-------- ENTRIES SUPPLIED --------

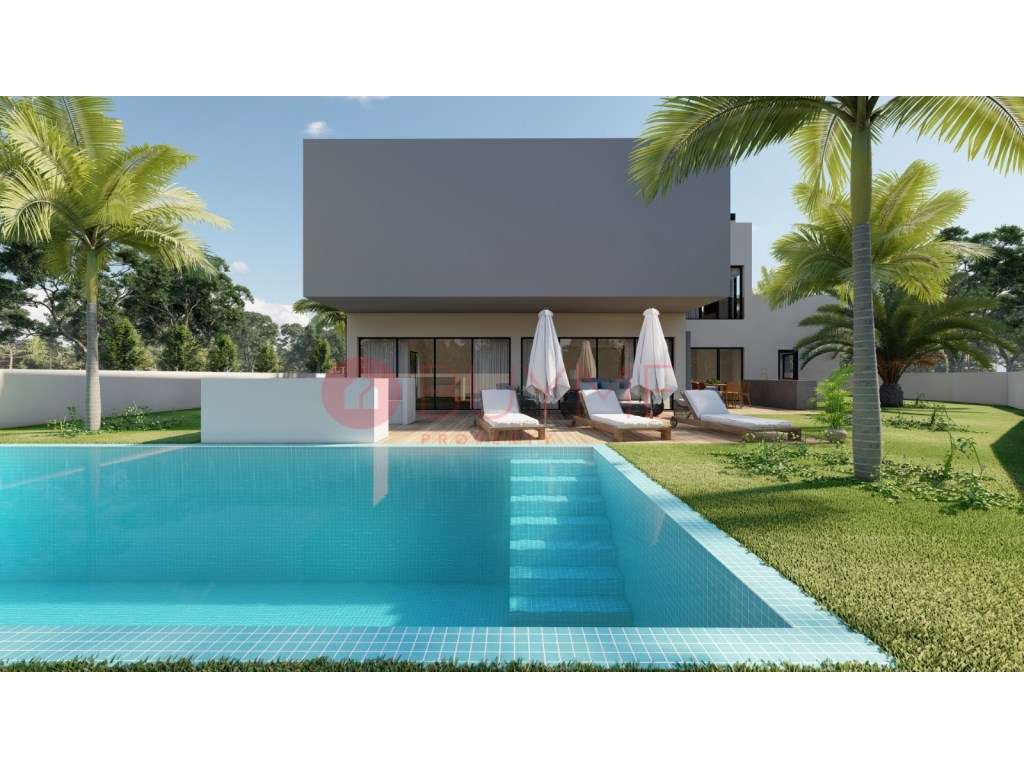 Terreno Urbano com Projeto Aprovado para Moradia T5 em Boliqueime - Grande imagem: 2/11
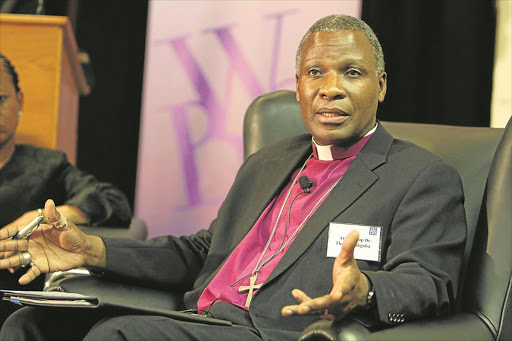 Archbishop Thabo Makgoba. Picture: SOWETAN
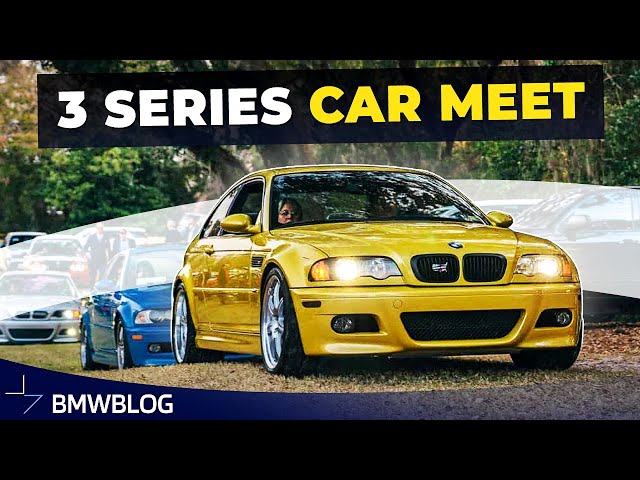 We Explore a Collection of BMW 3 Series and M3 Models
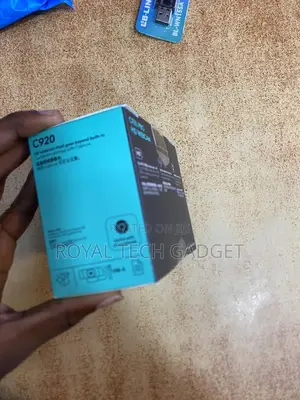Logitech C920 Pro Full Hd 1080p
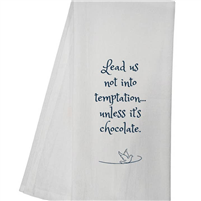 Temptation Tea Towel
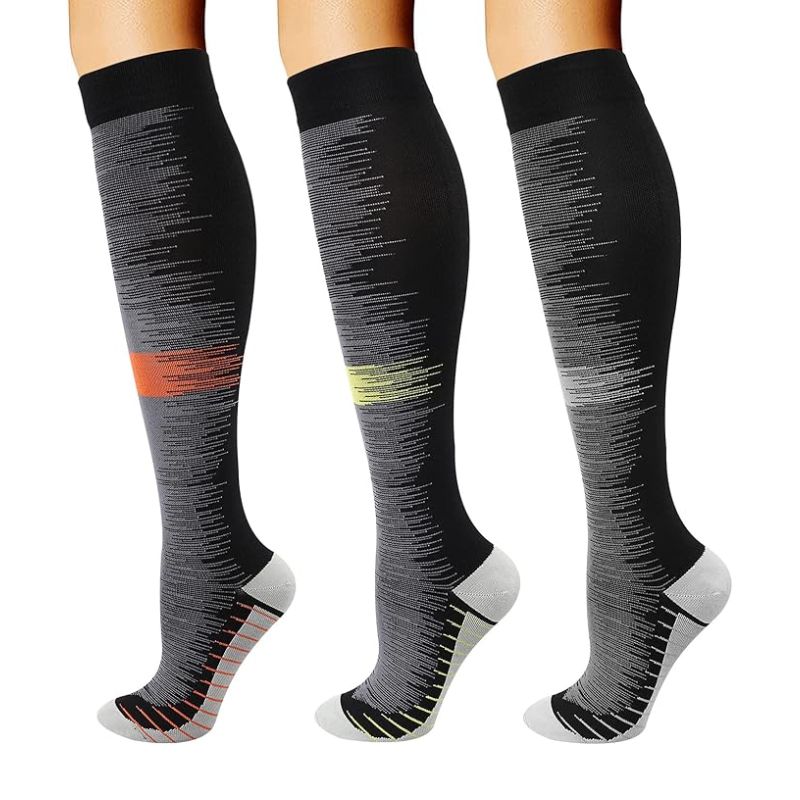 Chaussette Orthopédique Homme à Compression Longue – Image 2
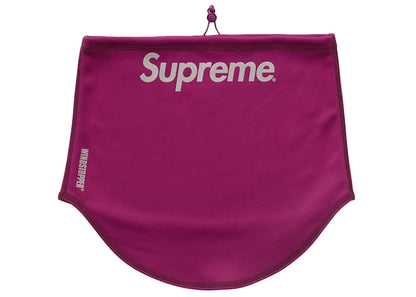 Supreme WINDSTOPPER Neck Gaiter Purple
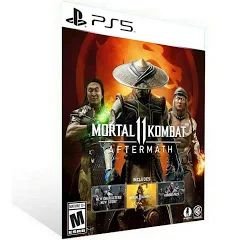 Mortal Kombat 11: Koleção Aftermath  PS5 Midia digital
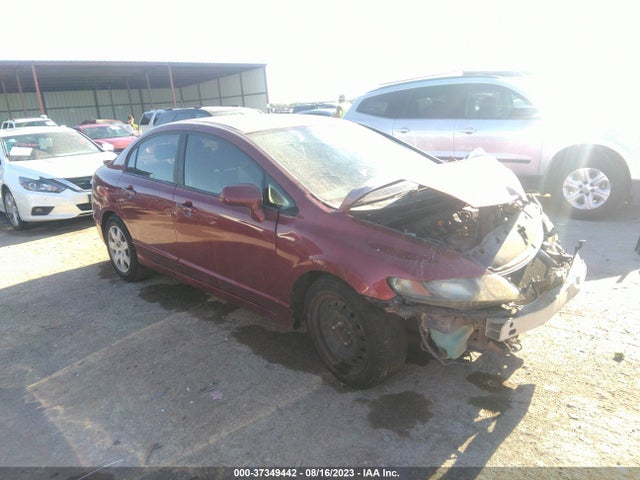 2009 HONDA CIVIC SDN LX VIN: 2HGFA16589H503320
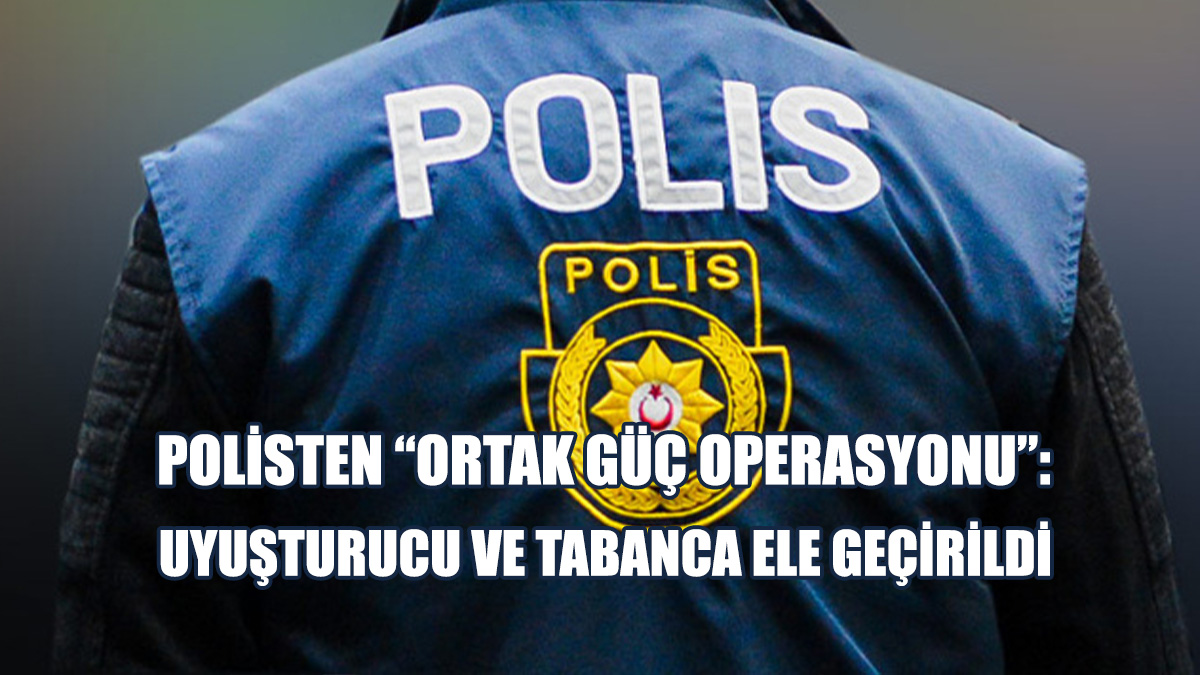 Güvercinlik Ve Gazimağusa’da Operasyon: 1 Tutuklu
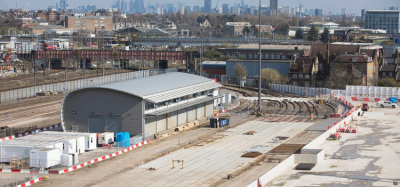 HS2 unveils major logistics operation at London hub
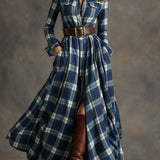 Mandy | Belt Shirt Dress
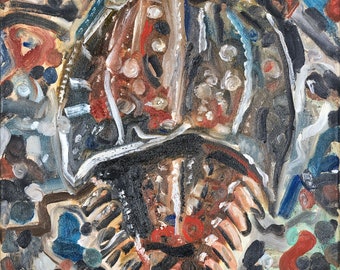 Horseshoe Crab Painting #60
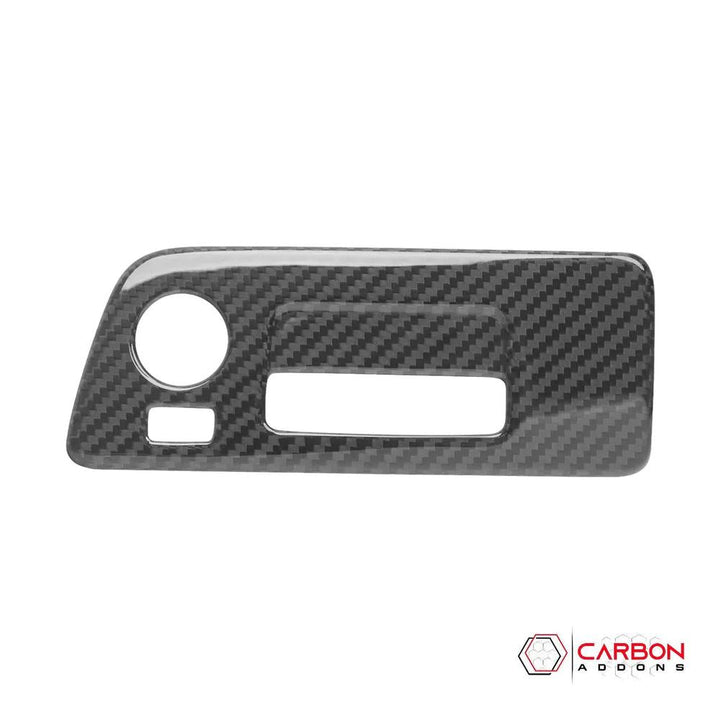 C7 Corvette 2014-2019 Real Carbon Fiber Headlight Switch Trim Cover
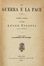  Tolstoj Lev : La guerra e la pace. Romanzo storico [...] Volume Primo (-quattro) con prefazione di M. de Vogu.  Eugène-Melchior Voguè  - Asta Grafica & Libri - Libreria Antiquaria Gonnelli - Casa d'Aste - Gonnelli Casa d'Aste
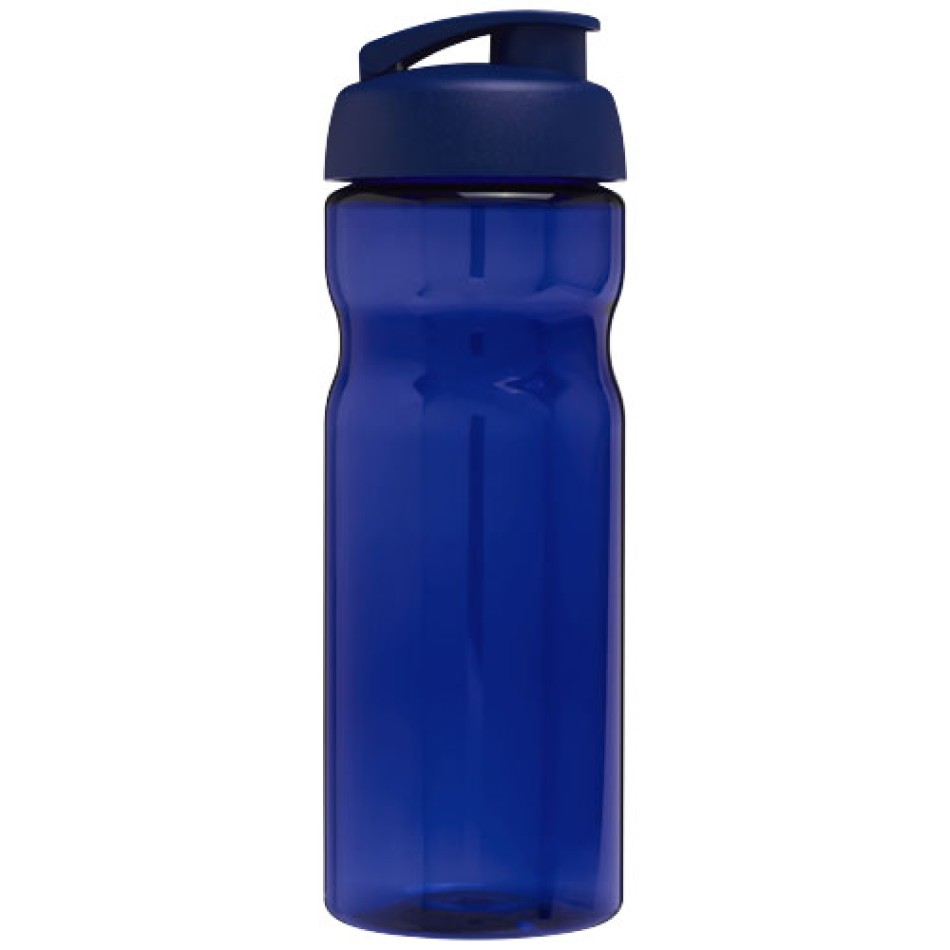 Borraccia sportiva H2O Active® Base da 650 ml con coperchio a scatto - Gadget.it -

--------

Would you please reproduce the entries above, starting at the line with "Temptation Tea Towel" and stopping after the line with "C7 Corvette 2014-2019"? Omit any pictures.

 Temptation Tea Towel
 Chaussette Orthopédique Homme à Compression Longue – Image 2
 Supreme WINDSTOPPER Neck Gaiter Purple
 Mortal Kombat 11: Koleção Aftermath  PS5 Midia digital
 2009 HONDA CIVIC SDN LX VIN: 2HGFA16589H503320
 Güvercinlik Ve Gazimağusa’da Operasyon: 1 Tutuklu
 HS2 unveils major logistics operation at London hub
 Mandy | Belt Shirt Dress
 Horseshoe Crab Painting #60
 C7 Corvette 2014-2019 Real Carbon Fiber Headlight Switch Trim Cover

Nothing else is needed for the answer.